Saturday, February 7, 2015

[MUSING] Why Wall Street Is Excited About Cable Companies Being Treated As Utilities

As detailed in Kevin Drum's Mother Jones article here, the stock prices for major cable companies went up following the FCC's proposal to enforce strict net neutrality rules. Why? After all, regulation is bad, right?

Wrong.

I don't believe Kevin Drum got it right anymore than I think the high paid analysts at BTIG got it right. The analysts believe it was because price regulation wasn't mentioned- and it never has been, except by the internet service providers themselves. Kevin Drum believes it is because Wall Street doesn't know what it is doing. (Efficient market hypothesis notwithstanding, that is not the case)

Regulation of internet service providers is a net good for the business of internet service providers and anyone with a modicum of common sense (read: not the internet service providers themselves) realizes this.
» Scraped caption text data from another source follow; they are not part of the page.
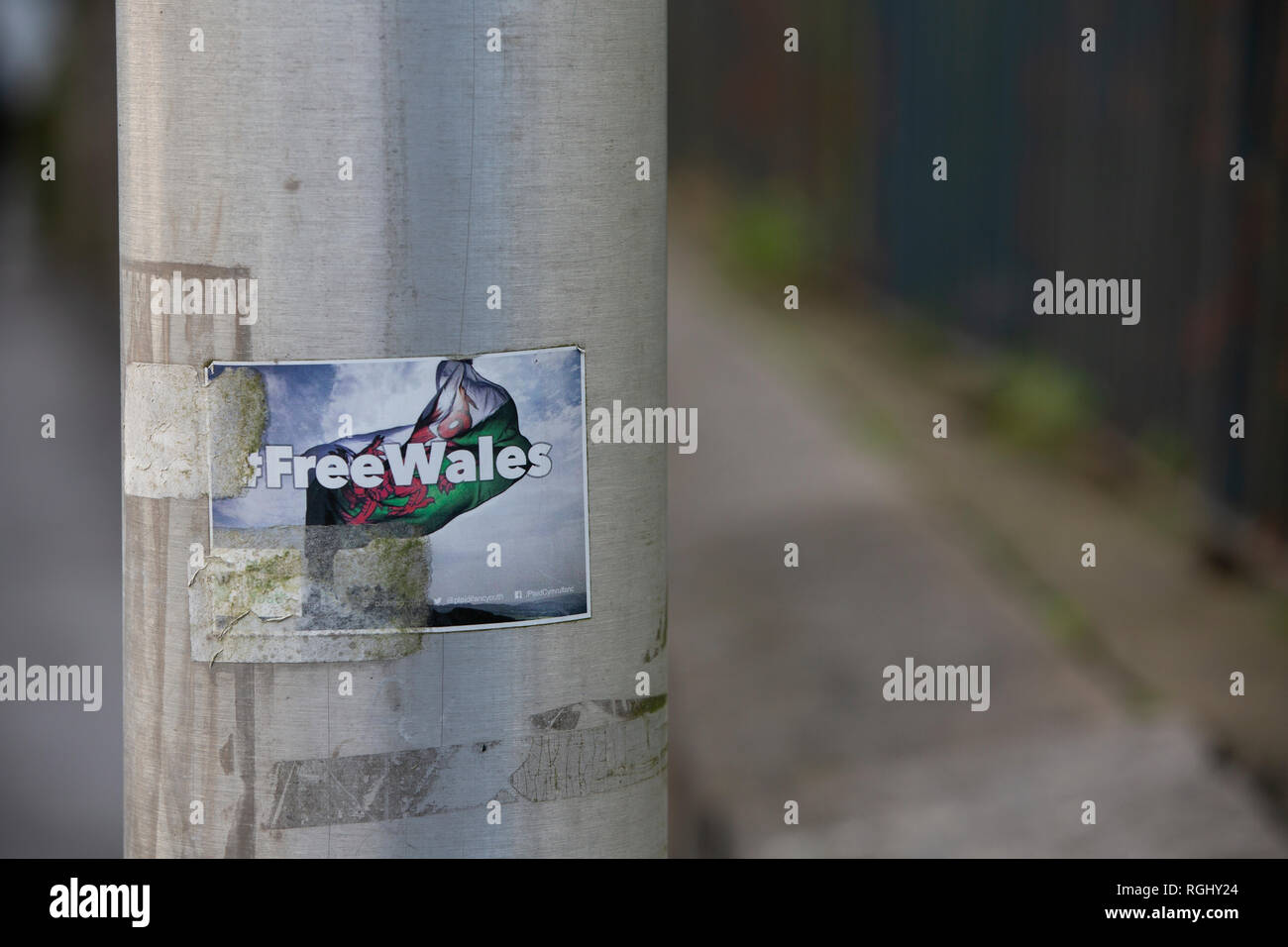 Ein Aufkleber mit hashtag FreeWales (Wales) auf einem Laternenpfahl klemmt Stockfoto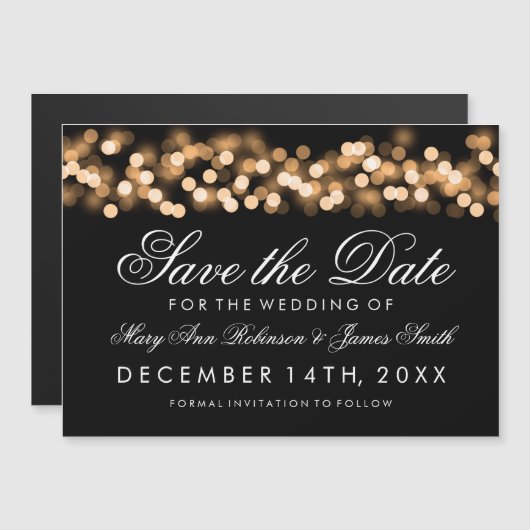 Bruiloft Save The Date Gold Hollywood Glam Magnetische Uitnodiging (Voorkant / Achterkant)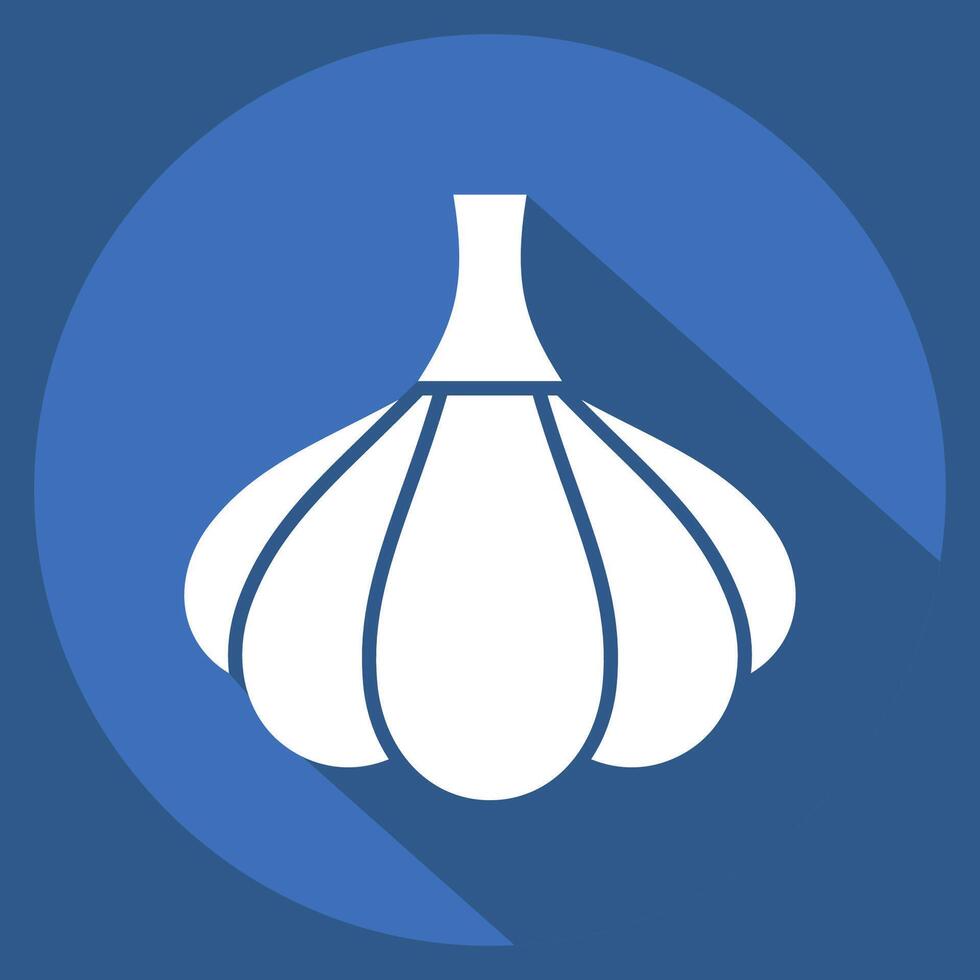 Icon Garlic. related to Spice symbol. long shadow style. simple design editable. simple illustration vector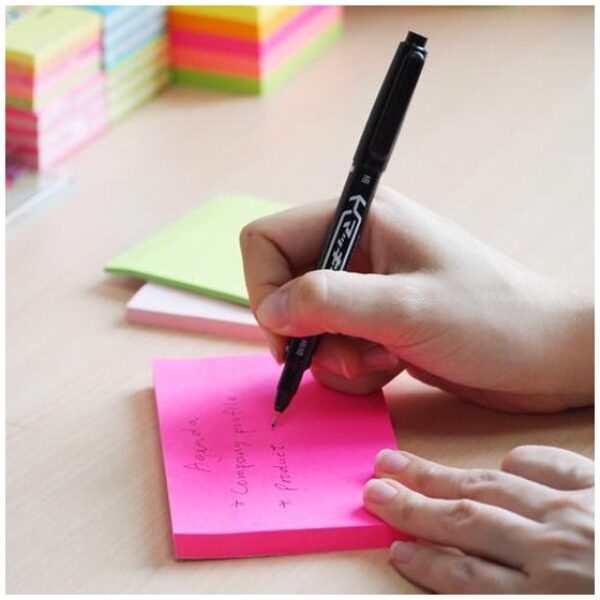 Stick'n Sticky Notes 76x76mm 400 Memoblaadjes Kubus Blauw Geel - Afbeelding 3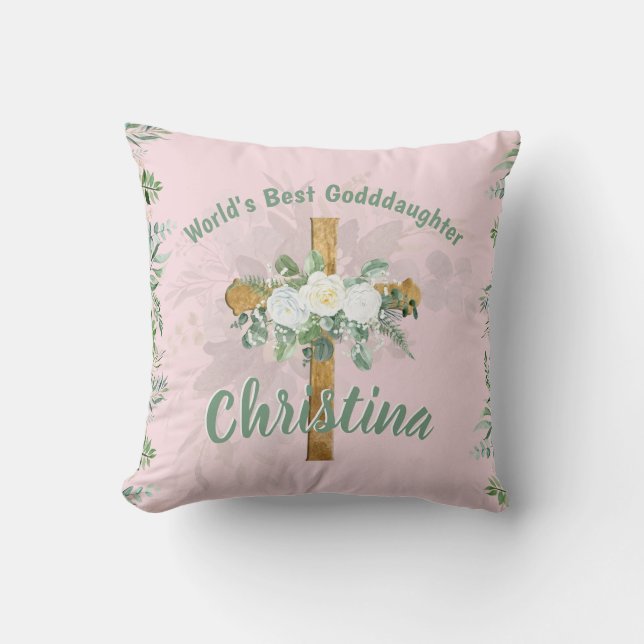 Best GODDAUGHTER Baptism Confirmation Communion  Cushion (Front)
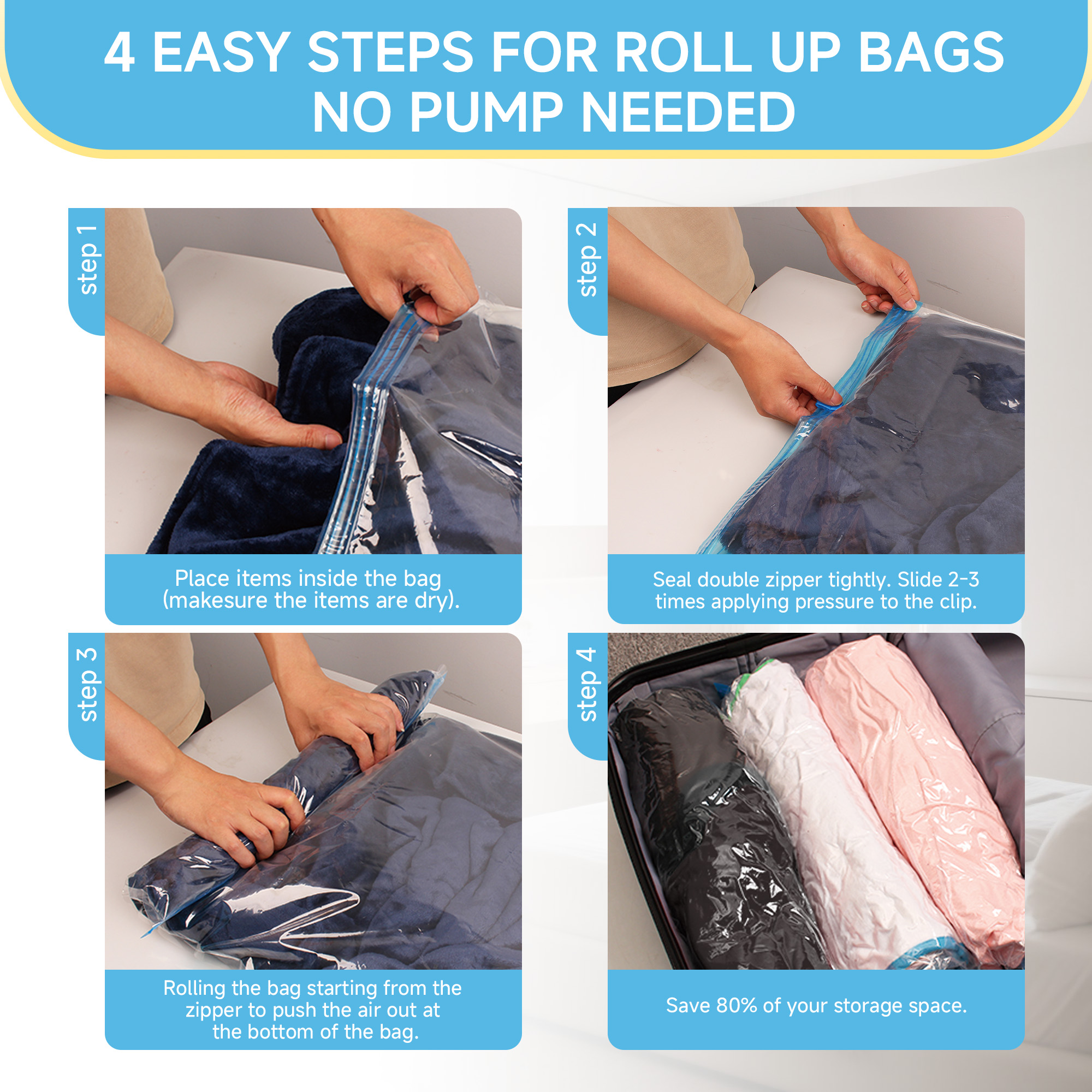 25 Pack Travel Roll Up Compression Storage Bags for Suitcases, No Pump Needed, Space Saver Compression Bags for Clothes, Home & Closet Organization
That is why the content creators of the Internet lined up almost universally on the side of net neutrality.

The thing that sells a utility is not the product itself- its the possibilities. We don't buy electricity because we like electricity and want to keep turbines somewhere spinning. We buy electricity because it enables all of our other wondrous, modern devices. It is the same with the internet. We don't buy internet packages because we love the idea of cables transmitting 1s and 0s. We buy internet access from the internet service providers because it gives us access to all of the many wondrous services available on the internet. And many of those services would not exist if internet service providers had anything to say about it. Remember the Netflix-Comcast feud?

If internet service providers are given the ability to decide what services will run through 'their' internet, the Internet as we know it will cease to exist. The reasons people would have to buy internet access would dwindle and the internet service providers would ultimately suffer. What would be the valuation of General Electric if they had to produce a new product for every power provider? What would the valuation of electric power generation be? Would it have ever become ubiquitous?

Regulation is, in this case, good. Wall Street has long followed Silicon Valley's lead (see: the tech bubble of the 90s) and this is just an extension of that.